Dans le domaine politique, Chávez semble revenir timidement sur sa méfiance vis-à-vis des partis politiques en ne mettant pas de veto à la mise en place d’un Front unitaire des forces politiques soutenant le "processus révolutionnaire". Le Front doit tenter d’unifier politiquement, dans cette situation prérévolutionnaire, l’ensemble des secteurs en mouvement.
Révocabilité des mandats
L’opposition n’a pas pour autant abandonné son objectif unique : renverser Chávez par tous les moyens et revenir au pouvoir qu’elle considère sien. Après avoir justifié le coup d’Etat d’avril 2002 par l’argument que le pays s’effondrerait dans les quinze jours, elle appela à la paralysie du secteur pétrolier, faisant perdre au pays 90 millions de dollars par jour plusieurs mois plus tard. Le Haut Commandement de l’armée a répondu à cette politique par sa première déclaration officielle de soutien à la Constitution, traduisant le succès de l’opération de nettoyage ayant suivi le coup d’Etat.

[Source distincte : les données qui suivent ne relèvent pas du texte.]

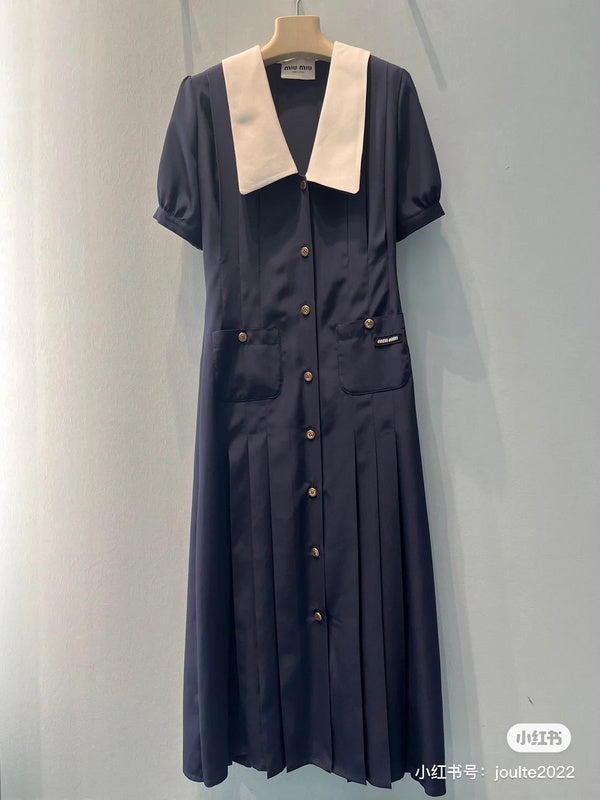 Glami - MMU Women Clothes - 703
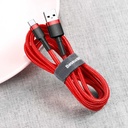 1018258-4-wytrzymaly-elastyczny-kabel-przewod-usb-baseus-hurtownia-sklep.jpg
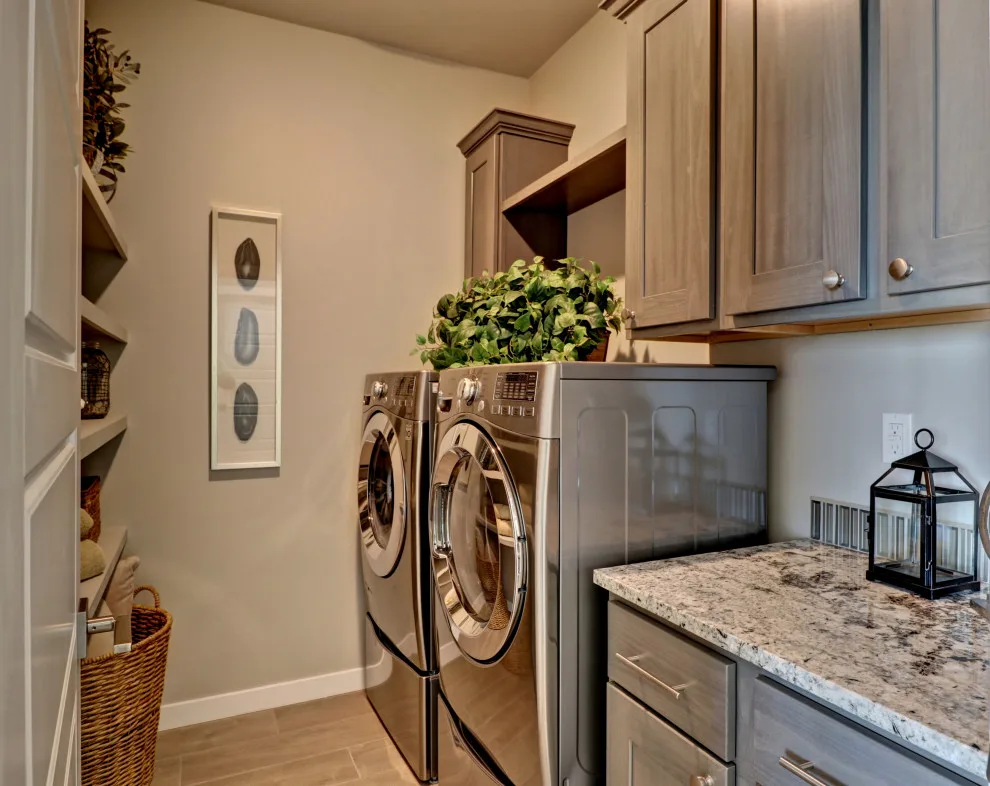 Encinitas - Urban Green by French Brothers Home - Photo 10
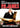 Martin Shaw - Pd James: Death In Holy Orders & Murder Room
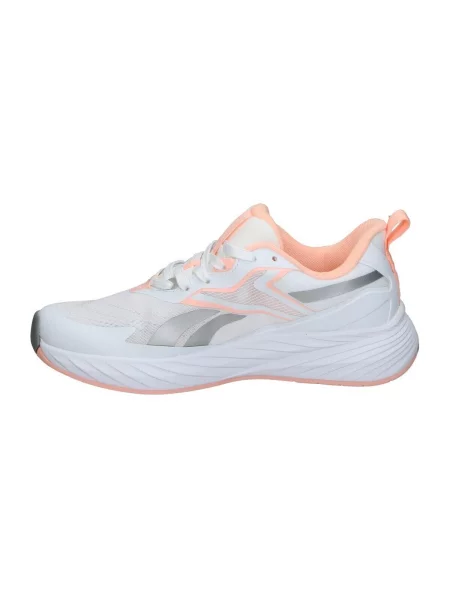 Tenisice Reebok Sport bijela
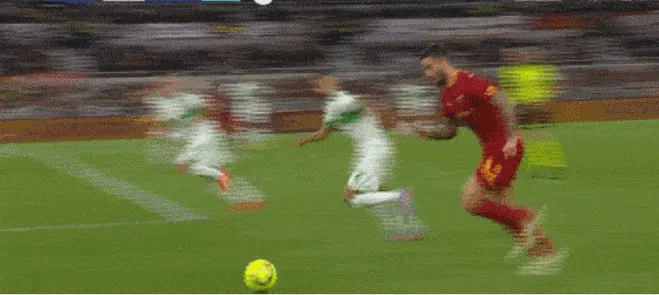 1678665781708873.gif 4.gif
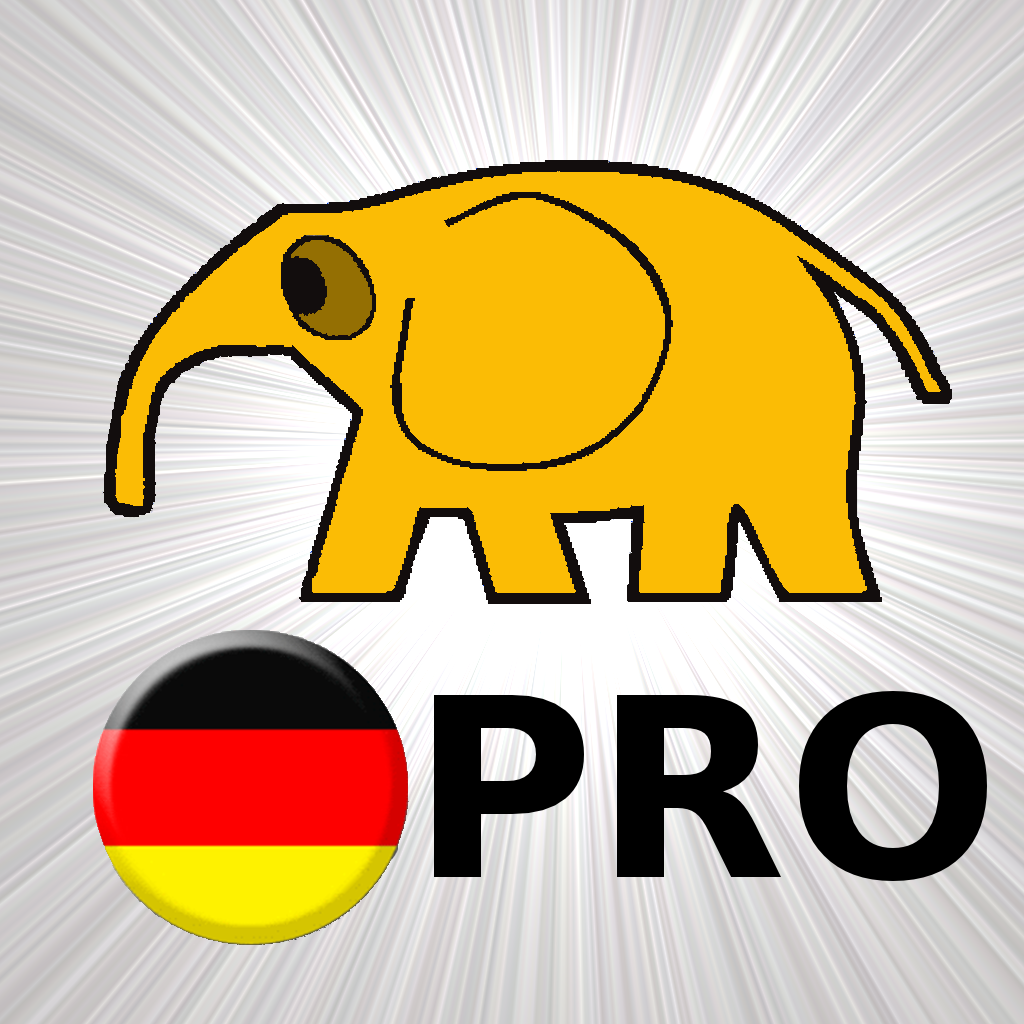 Get German Course for BeginnersPRO for iOS, iPhone, iPad Aso Report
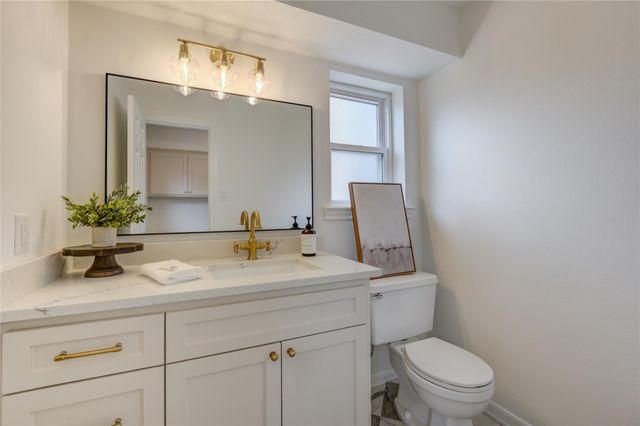 1406 Rustic Knolls Drive, Katy, TX 77450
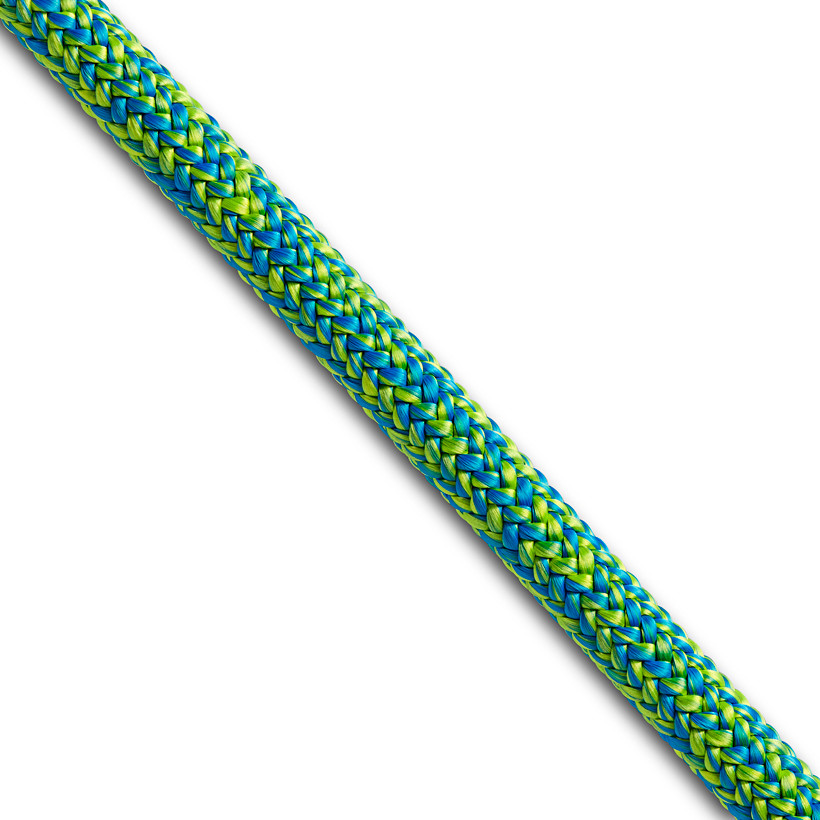 Cousin Lignum 12.5mm Climbing Rope - No Splice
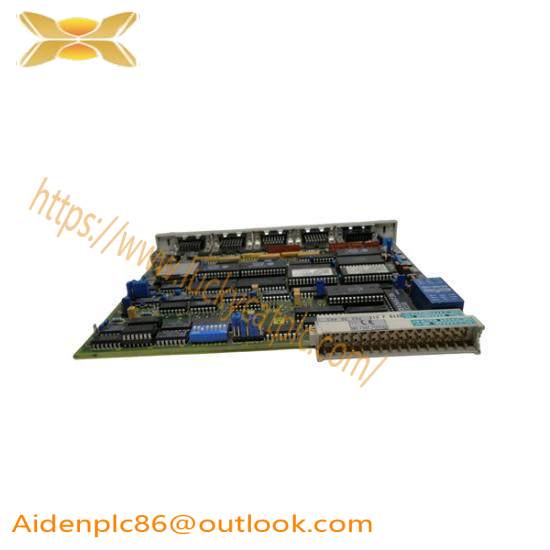 NI SCXI-1100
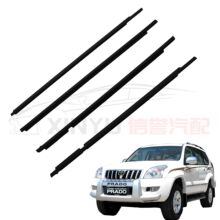 �m��03-09���S��Ե������≺�l ��܇�T���������ˮ�l�ܷ���ˮ��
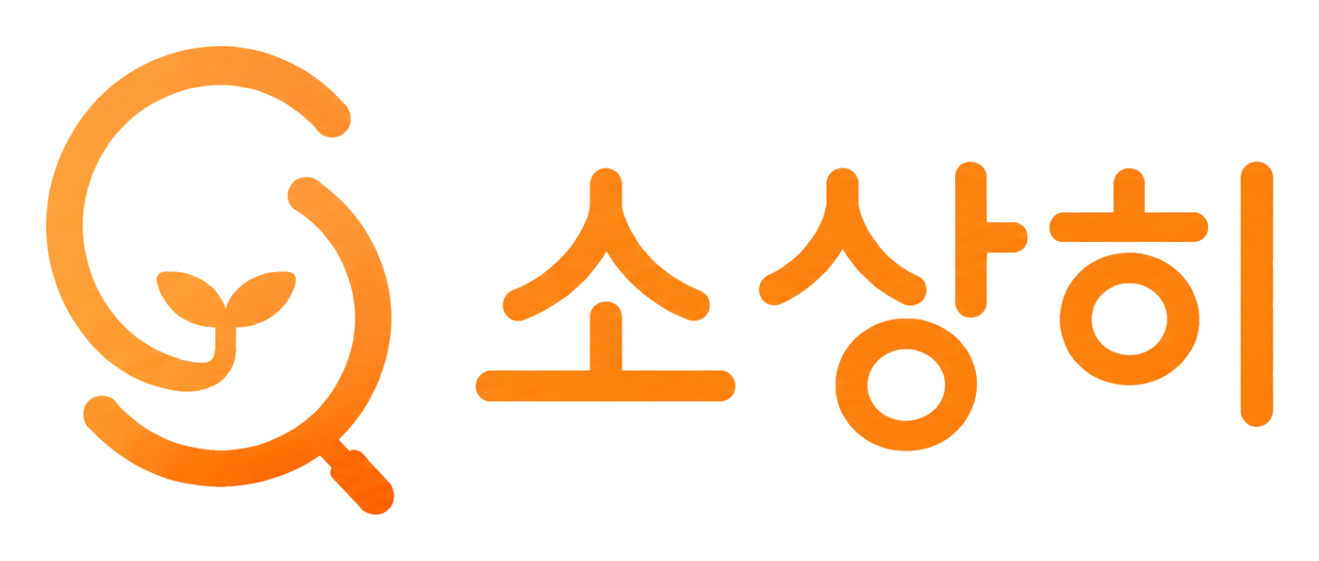 소상히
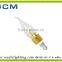 Energy Saving 5W E14 LED Candle light led bulb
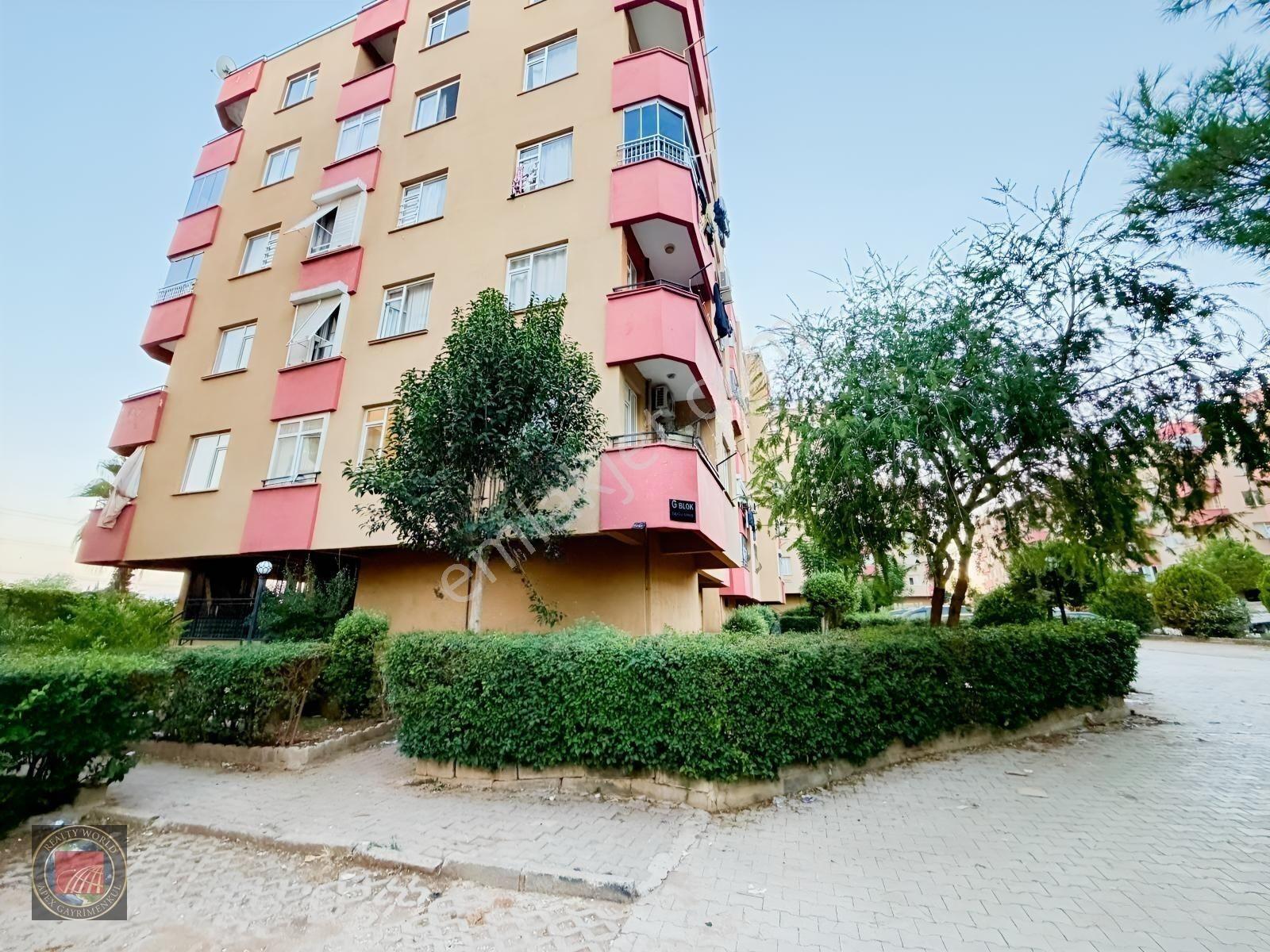 Kepez Şelale Mahallesi 3+1 Satılık Daire — fotoğraf 25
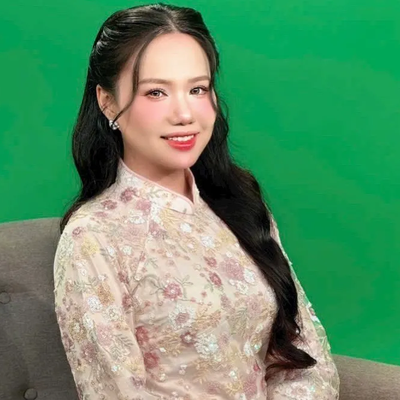Nguyễn Quỳnh Như: Từ ca sĩ dân ca trở thành quán quân "Bông lúa vàng"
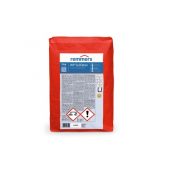 Remmers WP Sulfatex (10 zakken ca. 45m²)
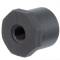 32mm x 1/4" CN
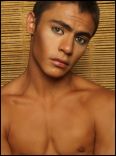 very cute boy 5.jpg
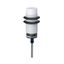pressure sensor EL 0-5BAR 0-10V M12 7/16 SCHR (CT à 200 C62) thumbnail 23
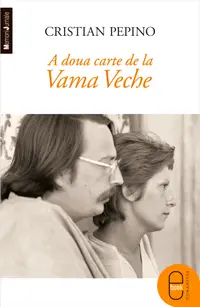 A doua carte de la Vama Veche (pdf)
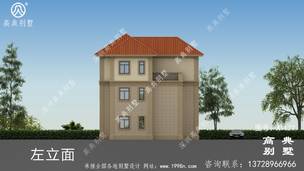 137ƽ���������С��ʽ�������ͼֽ ͼ�ţ�A1127K.jpg 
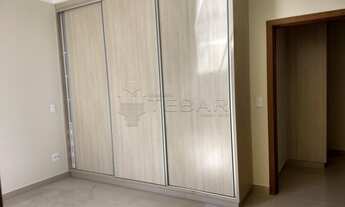 Imagem 6: Casa Padrão em São José do Rio Preto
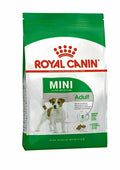Royal Canin Mini Adult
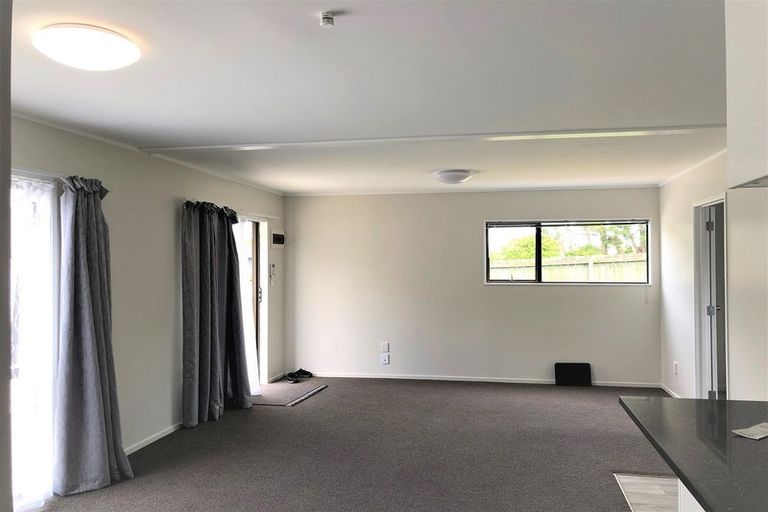 Photo of property in 21 Poutini Place, Manurewa, Auckland, 2102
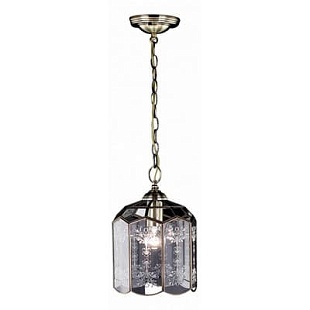 Подвес CITILUX ВИТРА-2 CL442210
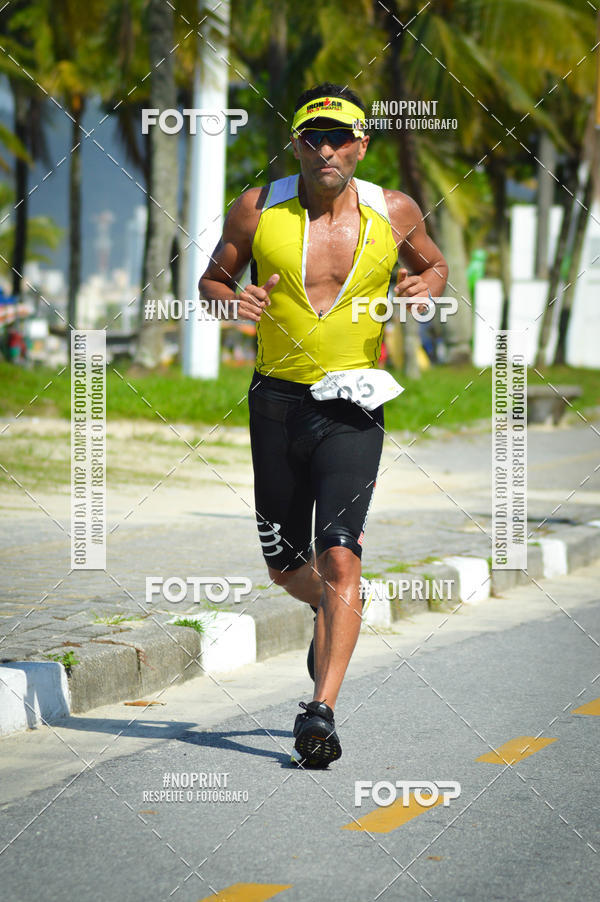 Achetez vos photos de l'vnement13 Circuito de Sprint Triathlon Santa Ceclia TV sur Fotop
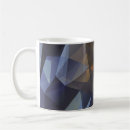 Search for shiny mugs Texture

Face à l’échec répété de ses stratégies insurrectionnelles, face à la résistance des forces vives du "processus", l’opposition a été obligée de se replier vers une solution prévue par la Constitution "bolivarienne" - qu’elle déteste, mais qui a été votée par référendum en 1999 -, la révocabilité des mandats à mi-parcours, première mondiale pour une Constitution à régime représentatif.
L’opposition prétend que cette procédure lui est due. Rien de plus faux ! Côté constitutionnel, pour que l’article 72 soit mis en oeuvre, l’opposition doit présenter plus de deux millions de signatures validées par le Conseil électoral récemment nommé par la Cour suprême. Or, récoltées à l’occasion d’un autre référendum en février, celles qu’elle présente sont mises en doute. Le PPT, un des partis au pouvoir, a déposé une plainte au nom de plus de deux mille citoyens dont la signature a été utilisée sans leur accord.
L’opposition sait par ailleurs que si un référendum contre Chávez est organisé, des référendums contre ses élus à elle pourraient avoir lieu. Les partisans de la "révolution" iront enthousiastes révoquer les membres de l’opposition élus dans le Pôle patriotique, le bloc électoral de Chávez, et ayant rejoint l’opposition. Arrivés à la mi-mandat depuis plus d’un an, ils sont susceptibles d’être "victimes" du référendum avant le président de la République. Au premier rang de ceux-ci se trouve le maire de Caracas, Alfredo Peña, qui a récemment montré son "attachement" à la liberté d’expression en envoyant sa police contre une télévision communautaire, Catia TV.
Si l’opposition semble oublier bien vite que ses partisans doivent obtenir plus de voix que lors de l’élection de Chávez (3,7 millions), une partie du mouvement populaire estime que le gouvernement et Hugo Chávez font preuve de faiblesse en acceptant de se soumettre à une consultation référendaire réclamée par des forces politiques ayant participé à un coup d’Etat.
Référendum ou pas, des élections sont prévues en 2004. Cette année électorale est cruciale pour le processus en cours, un processus méconnu et innovant pour lequel les forces vives mettent leur vie dans la balance. Elles ont déjà payé un lourd tribut à la "révolution bolivarienne". Les Vénézuéliens qui se sont engouffrés dans la brèche ouverte par Chávez à la suite de son élection doivent poursuivre cette expérience de "démocratie participative" et ancrer le "rôle protagoniste du peuple". Pour ce faire, ils ont besoin de briser le carcan médiatique mis en place par les propriétaires des grands moyens de communication. Notre solidarité internationaliste leur est nécessaire.